Rain at Cattle Point

Hopefully this conveys a fickle weather day late in the year!

I think the dot-dot-dot and color isolation with Pointillism helped with this watercolor.  I was very aware of color placement and capable of containing colors to certain areas.  I managed, too, to have patience and let areas dry before going back in, or let them get slightly damp for dryer painting onto a damper area, preventing blooms.   Proportions are off – sigh.

As well, a limited palette of primarily blue (ultramarine and cobalt) with burnt umber and burnt sienna, yellow ochre, and a spot of orange and Hooker’s green.  140# CP Arches, 16×20.

Storm on the Prairie

Strange weather afoot – rain, wind, tornado.

If you have never lived on the prairies or traveled through the vast middle section of the U.S., you have missed some majestic land and sky. The weather can change in an instant, you might see it coming, you might not. Flat, lonely, filled with a terrible beauty.

Gouache, of course!

A Lonely Road (Gouache)

I started out trying to do a more delicate painting, but I think that would work better in watercolor. Instead of delicate and lighter, the colors became thicker and darker, and it turned from a misty, damp, rather gloomy day to one which seems filled with a foreboding storm.

I decided to just paint and not try for realism and delicacy. I went for emotion.  Instead of applying paint nicely, I began to just slap it on directly from the color onto the paper rather than mixing colors on the palette. It was gloriously fun!

I used a 1/2 inch flat brush – nothing else. I rather like this splashing and letting go of things as I tend to be something of a prima donna and perfectionist – and this was like rollicking through the mud and muck!!

If I were to call this any “school” of painting, I guess Expressionism would be the closest I would come. The more I painted, the more I wanted to express a fierce and gloomy day portending rain and hail, or rain and hell.
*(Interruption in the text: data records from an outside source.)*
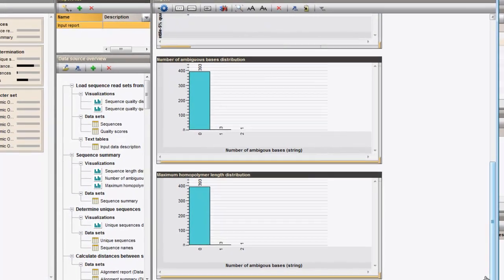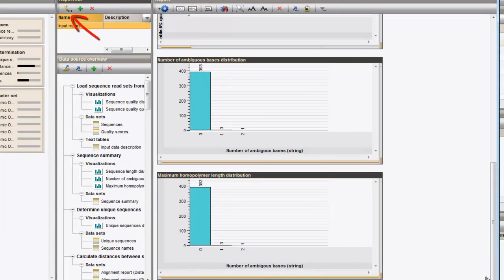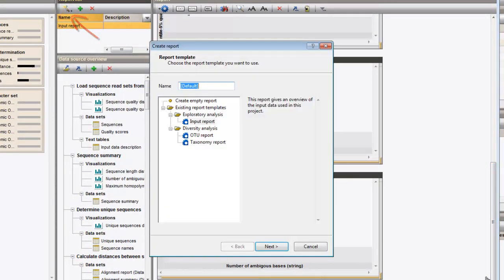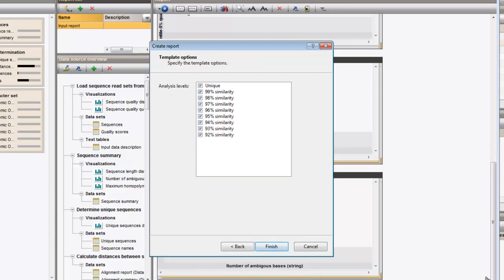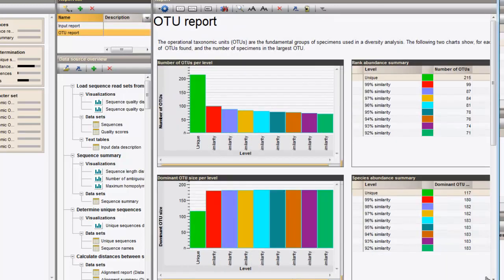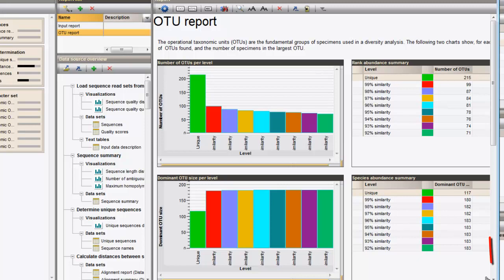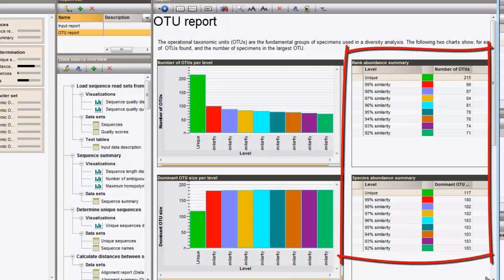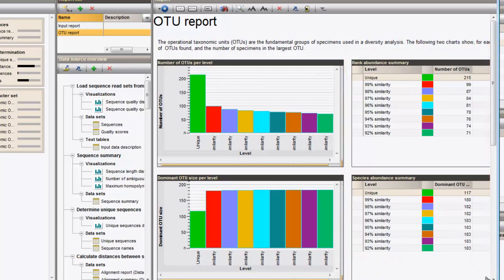The second report that can be called is the OTU report. We only want to look at the data of the unique reads and the reads at 97 and 92 percent similarity. In this report, an overview is given of the different OTUs that are considered for each of the similarity levels. The Rank Abundance overview, indicating the number of OTUs for each level, and the Species Abundance overview, indicating the dominant OTU size for each level, are displayed next to the individual Rank and Species Abundance curves for the specified similarity levels.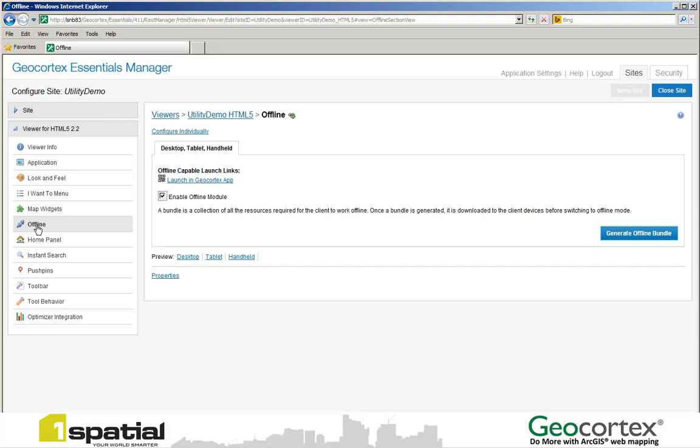The Offline button then enables us to enable offline module. Effectively what we're doing here is going to build a bundle of data that we can take out into the field. Out of the box, Geocortex Essentials HTML5 viewer allows you to take offline any ArcGIS feature services.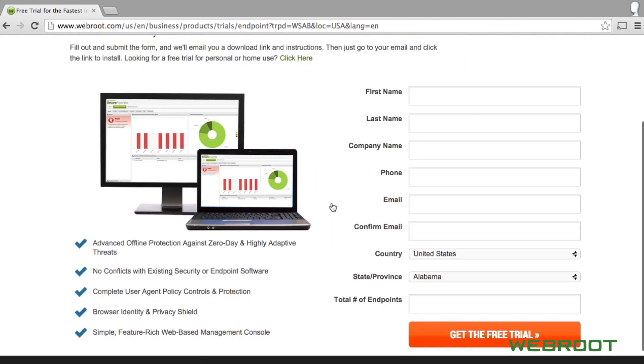A web form will appear asking for basic account info. Please be sure to fill out the entire form with accurate contact information and then click Get My Free Trial.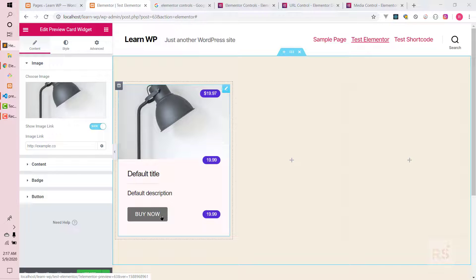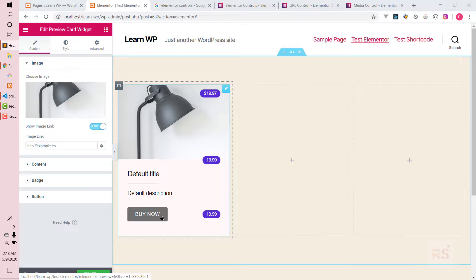So guys, this is it for this video. This is how you can use the full range of Elementor. I hope you liked this video — if so, hit the like button and don't forget to subscribe to the channel. Thank you.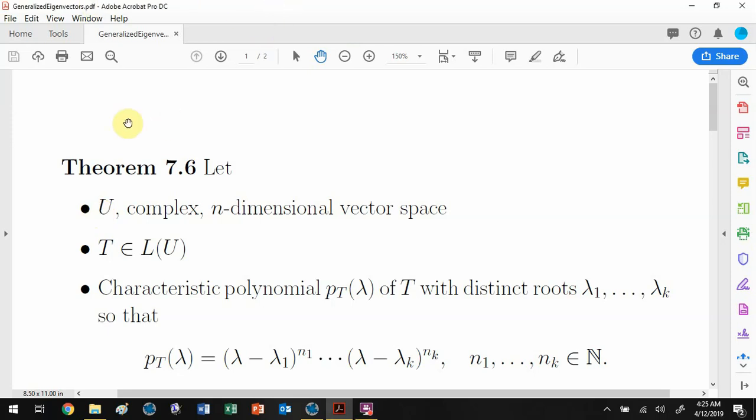We're going to finish up section 7.3 today. We're going to take a look at a pretty important theorem and then do an example of how to compute a generalized eigenspace.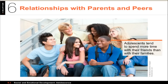Dating starts during early and middle adolescence, and most teens start to date by the time they graduate from high school. Peer pressure is not as strong in early adolescence, but it peaks during mid-adolescence, then starts to decrease after the age of about 17.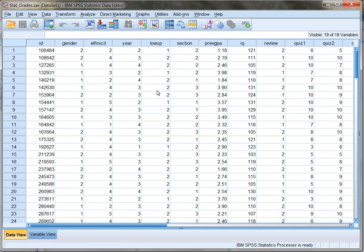In our next how-to video, or part two, I'm going to show you how to use linear regression to actually create a prediction equation that I can use to predict what I think a student's final exam will be if I know their previous GPA. So tune in for the next how-to video. Thanks for joining me.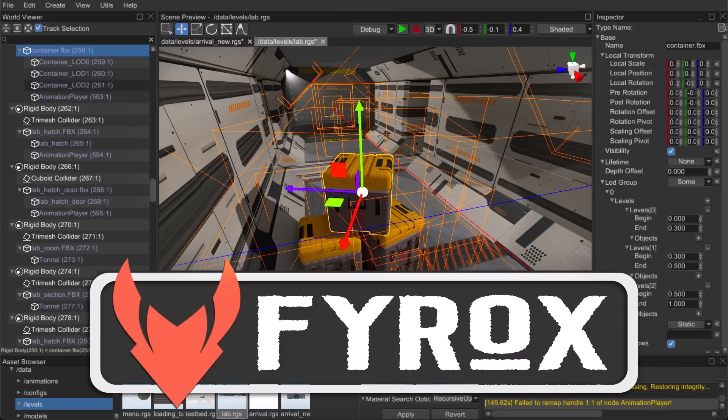Hello ladies and gentlemen, it's Mike here at Game From Scratch and today we are looking at Fyrox. Now Fyrox used to be called Rage 3D once upon a time.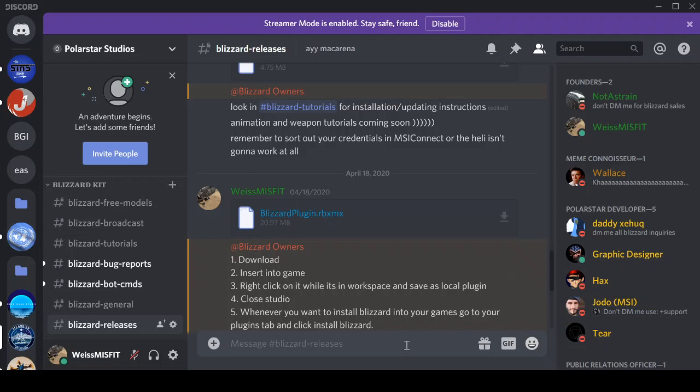Hey team, a lot of you guys have been having problems installing Blizzard into your places, so I'm just going to walk you through how to do it.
Another value study, too.  Impressed?

Look!  I put in some sheep!

Last Spring

We live in an area with multiple mountain ranges, some which run parallel to the coast, and other which run perpendicular. As a result, the terrain and weather varies in each quite a lot. Here, a view of Mt. Boney in the spring, as a storm comes in. The wildflowers are in bloom and all is right with the world!

Storm Above the Pedernal

Another painting on the reverse of another, again employing dampening the paper before commencing. More hake brush wet-in-wet. I wanted to catch the brilliance of the land beneath the storm as spots of sunshine break through a fast moving storm. In the Southwest, this is common and exciting to see – sometimes the landscape shifts in seconds.